Almost 60 % of late attendees said there was nothing they could think of about the clinic system that would make them attend ANC earlier. Additionally, although a large proportion of women were unable to be booked at their first visit to the clinic, none of them mentioned this as a barrier to earlier antenatal care. These findings suggest that women expect or even accept this as a norm and further investigation into understanding this is warranted.

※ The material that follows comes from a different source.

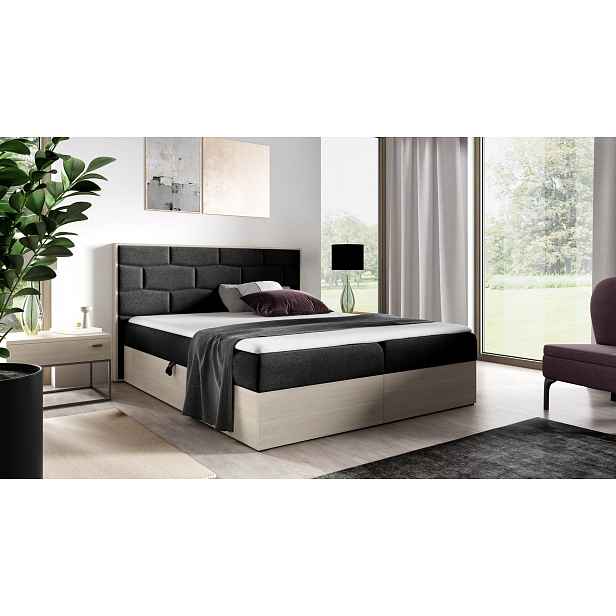 Kontinentální postel 120x200 CHANTELLE 9 - nordic teak / grafitová + topper ZDARMA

Both the high ANC coverage and the expression that most women value the need to attend ANC may be attributed to the government’s strong drive to promote maternal health. Nevertheless, there is still clearly a continuing need for increased community engagement as evidenced by the large number of women being unaware of their pregnancy until late, the high levels of unplanned pregnancies, and the high proportion of women who said they went for antenatal care in order to find out their HIV status. In addition, women should know what health care to expect and where this is not provided she should be empowered sufficiently to demand appropriate care.

Limitations

Firstly, this study is based on self-reports and asks about past history, without verification of clinical records, and may therefore be subject to recall bias, however as women were interviewed in the immediate post-partum period and pregnancy being an important time in most women’s lives, we expect our results to be as close as possible to a true reflection of women’s experiences. Secondly, this is a descriptive cross-sectional study and as such we could only assess associations and causality cannot be inferred. Lastly, as women were interviewed after childbirth, we were unable to get the views of women who died antenatally or during childbirth. Nevertheless, as most women attend ANC, and most deaths occur postnatally, we do not expect this to have had a significant effect on our results and believe our study is generalisable to women delivering in public labour wards in urban South Africa.

Conclusions

Antenatal care attendance in the inner-city of Johannesburg is high and most women are seen at least four times while pregnant, however, a large proportion of women still attend late. As has been noted in other studies, this may in part be attributed to women’s perceptions of the role of antenatal care however, clinic booking procedures appear to compound the situation. In a country where a third of pregnant women are HIV infected, early ANC is vital in order to optimise ART initiation and thereby reduce maternal mortality and paediatric HIV infection. Implementation of existing policies needs to be reinforced, clinics need to take into account the demands on women’s time by improving operating procedures and women need to be empowered to demand better services.